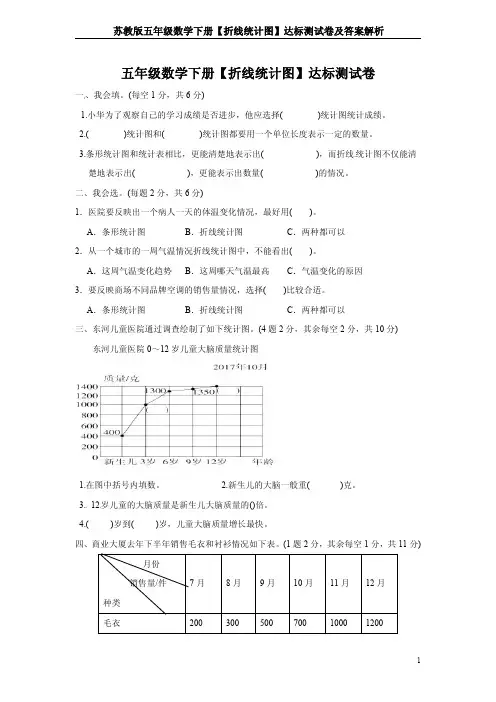 苏教版五年级数学下册【折线统计图】达标测试卷及答案解析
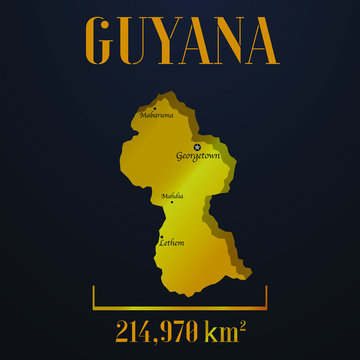 Guyana golden solid country outline silhouette, realistic piece of world map template, for infographic, vector illustration, isolated object, background. From countries set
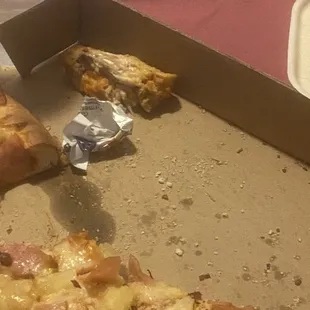 a half eaten pizza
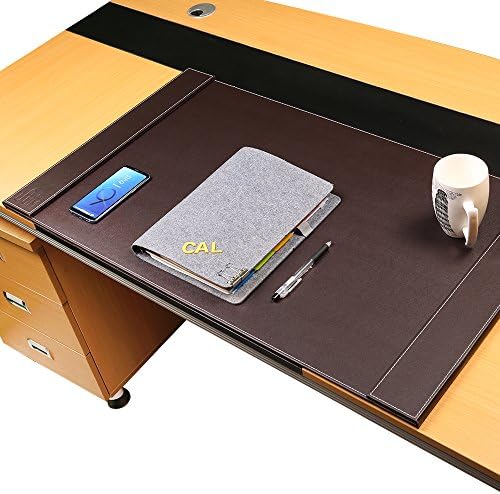 SumacLife Executive Modern Large Matte Coffee Brown Leather Laptop Mat Office Desk Pad 34" x 20" with Lifting Side Rails for Blotter Paper - Image 5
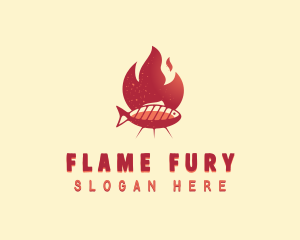 Flaming BBQ Fish logo design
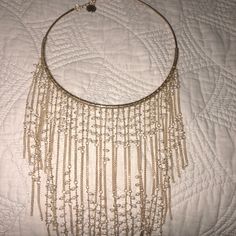 New Never Used. No Tags Gold-tone Beaded Party Jewelry, Chic Metal Chain Necklace For Evening, Elegant Metal Dangle Bib Necklaces, Elegant Metal Choker, Elegant Beaded Chain Jewelry, Evening Metal Jewelry With Beaded Chain, Chic Evening Jewelry With Beaded Chain, Chic Beaded Chain Jewelry For Evening, Elegant Dangle Bib Necklaces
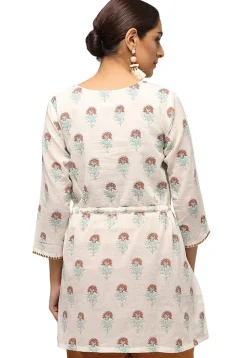 Handloom Block Printed Pure Cotton Tunic in Off White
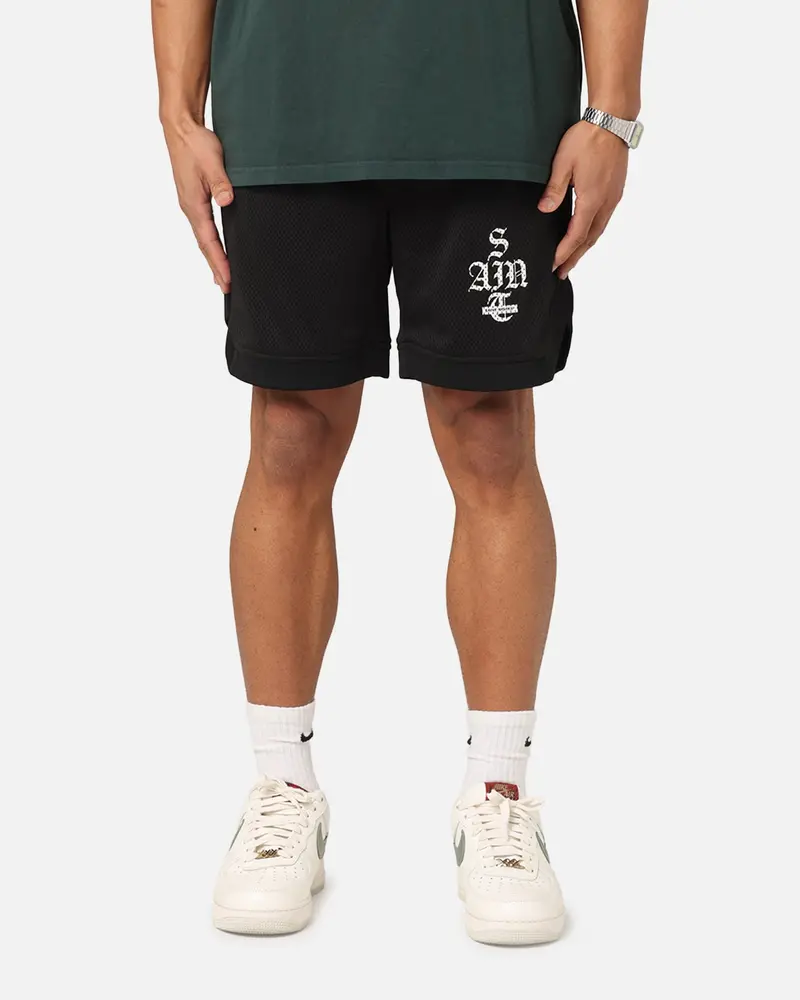 Saint Morta Gothic Stack Basketball Shorts Black 1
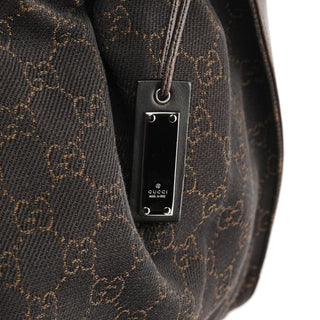 76554 Brown GG Canvas Ruched Handbag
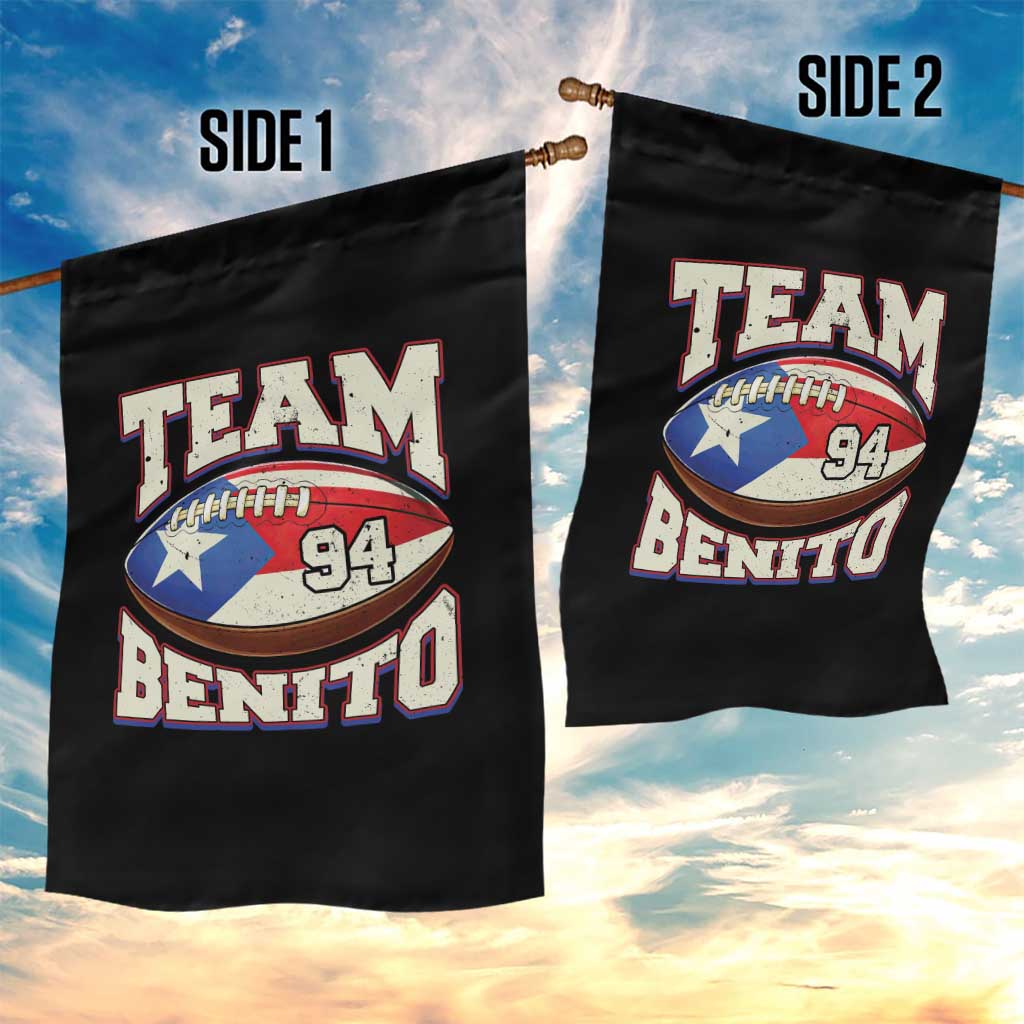 Team Benito Puerto Rico Football Pride Garden Flag Number 94 Vintage Game Day Music Artist Fan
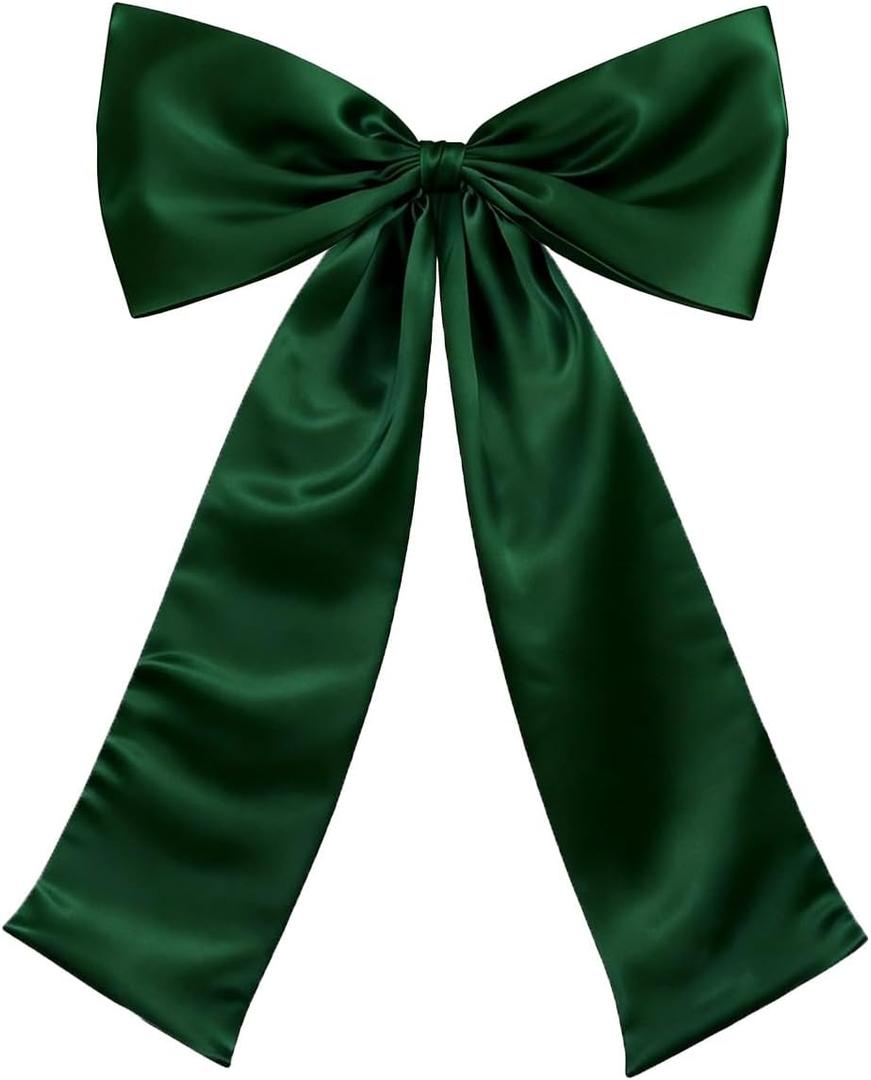 Big Bow Decorations 41 x 26 Inch Giant Satin Ribbon Bows for Birthday Party Backdrop Wall Room Decorative Coquette Bow Wedding Bridal Bachelorette Decor Supplies (Hunter Green)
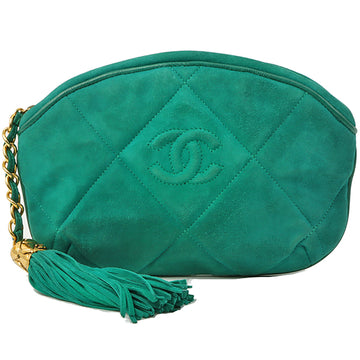 Chanel Around 1990 Suede Fringe Cc Mark Stitch Pouch Emerald Green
◆ ◆ ◆
◆ WORK REQUEST
An exact copy of every record above is required, with all pictures omitted.

◆ TASK SOLUTION
 苏教版五年级数学下册【折线统计图】达标测试卷及答案解析
 Guyana golden solid country outline silhouette, realistic piece of world map template, for infographic, vector illustration, isolated object, background. From countries set
 a half eaten pizza
 SumacLife Executive Modern Large Matte Coffee Brown Leather Laptop Mat Office Desk Pad 34" x 20" with Lifting Side Rails for Blotter Paper - Image 5
 Flaming BBQ Fish logo design
 New Never Used. No Tags Gold-tone Beaded Party Jewelry, Chic Metal Chain Necklace For Evening, Elegant Metal Dangle Bib Necklaces, Elegant Metal Choker, Elegant Beaded Chain Jewelry, Evening Metal Jewelry With Beaded Chain, Chic Evening Jewelry With Beaded Chain, Chic Beaded Chain Jewelry For Evening, Elegant Dangle Bib Necklaces
 Handloom Block Printed Pure Cotton Tunic in Off White
 Saint Morta Gothic Stack Basketball Shorts Black 1
 76554 Brown GG Canvas Ruched Handbag
 Team Benito Puerto Rico Football Pride Garden Flag Number 94 Vintage Game Day Music Artist Fan
 Big Bow Decorations 41 x 26 Inch Giant Satin Ribbon Bows for Birthday Party Backdrop Wall Room Decorative Coquette Bow Wedding Bridal Bachelorette Decor Supplies (Hunter Green)
 Chanel Around 1990 Suede Fringe Cc Mark Stitch Pouch Emerald Green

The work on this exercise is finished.